++++ SUPPLIED DATA ++++
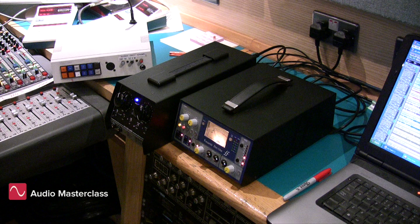Here we have two preamps. One is the Universal Audio Solo 610, which is a vacuum tube preamp, and the other is the Focusrite ISA-1, which is a transistor preamplifier.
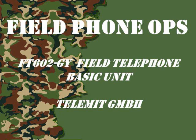Welcome to another episode of Field Phone Ops. Today's episode we're going to discuss the FT-602 slant GY Field Phone.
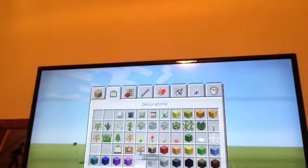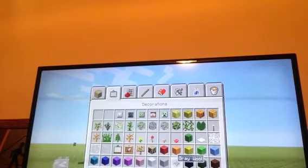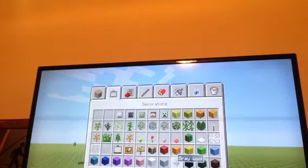Welcome to another video today. I'm going to show you how to build it. Here's what you need: light wool and grey wool.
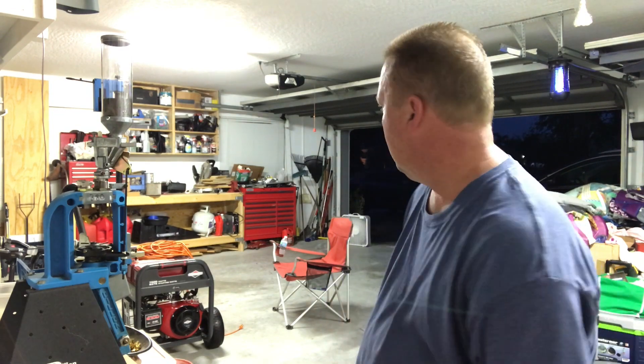All right, good evening YouTubers. Out in the garage here on Friday night and it's pouring rain outside — life in Florida, I guess.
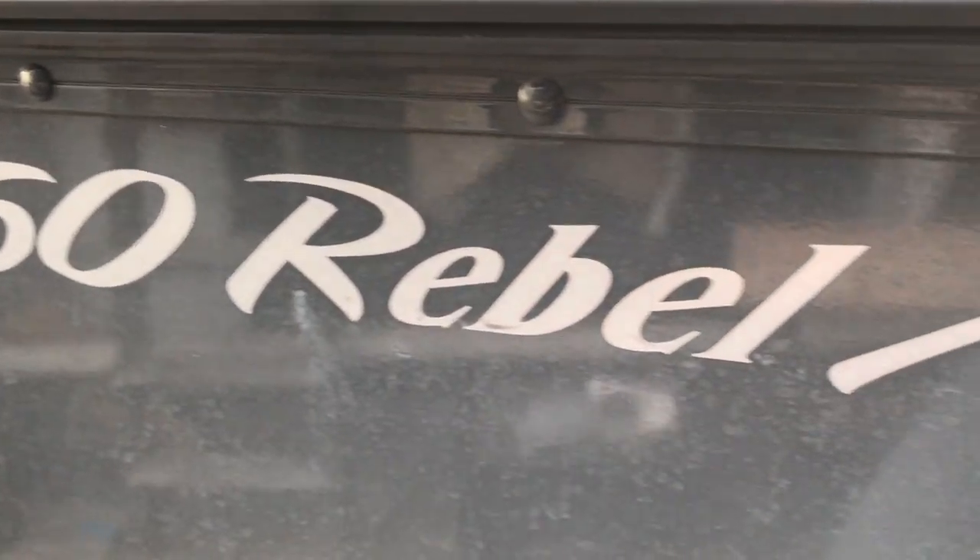Hello everybody, Evert here. Predator Tour Sweden is just close by. I'm making my boat ready for the Predator Tour. This is the safety boat, because safety first on the water.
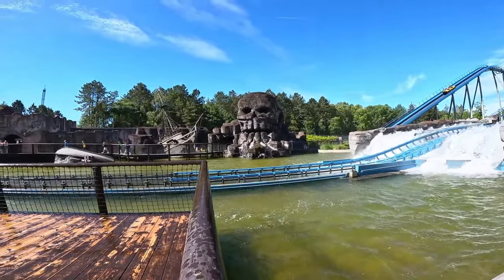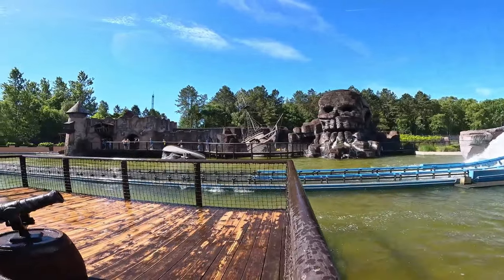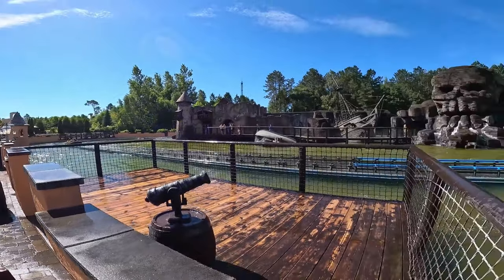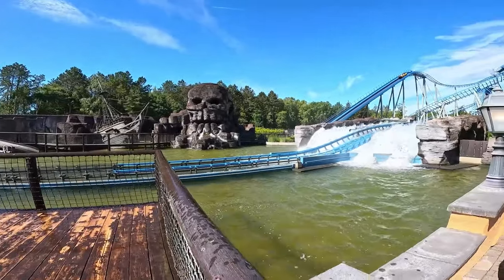Well, that is how you do a station for a water coaster — isn't that impressive! This whole area around here is so nice; they've really put a lot of thought and effort into it. So let's go on and ride.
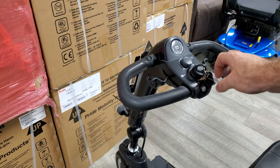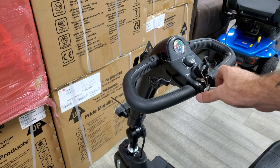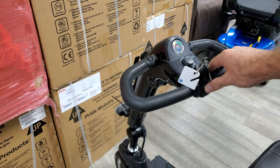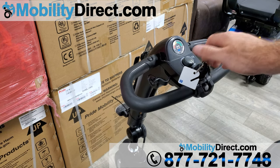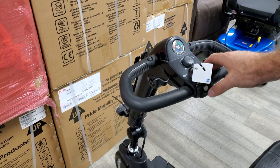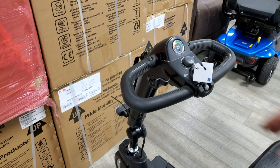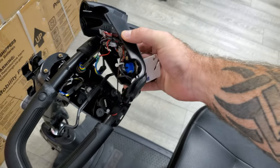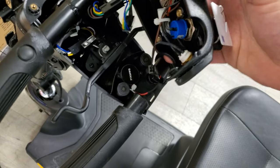In this case we have one that's a little bit faulty — so when you go to turn it on it beeps, but it doesn't hold the beep. We're going to go ahead and replace that.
++++
ASSIGNED TASK ->
Would you please retype the material above exactly and leave out each picture?

TASK RESPONSE ->
Here we have two preamps. One is the Universal Audio Solo 610, which is a vacuum tube preamp, and the other is the Focusrite ISA-1, which is a transistor preamplifier.
Welcome to another episode of Field Phone Ops. Today's episode we're going to discuss the FT-602 slant GY Field Phone.
Welcome to another video today. I'm going to show you how to build it. Here's what you need: light wool and grey wool.
All right, good evening YouTubers. Out in the garage here on Friday night and it's pouring rain outside — life in Florida, I guess.
Hello everybody, Evert here. Predator Tour Sweden is just close by. I'm making my boat ready for the Predator Tour. This is the safety boat, because safety first on the water.
Well, that is how you do a station for a water coaster — isn't that impressive! This whole area around here is so nice; they've really put a lot of thought and effort into it. So let's go on and ride.
In this case we have one that's a little bit faulty — so when you go to turn it on it beeps, but it doesn't hold the beep. We're going to go ahead and replace that.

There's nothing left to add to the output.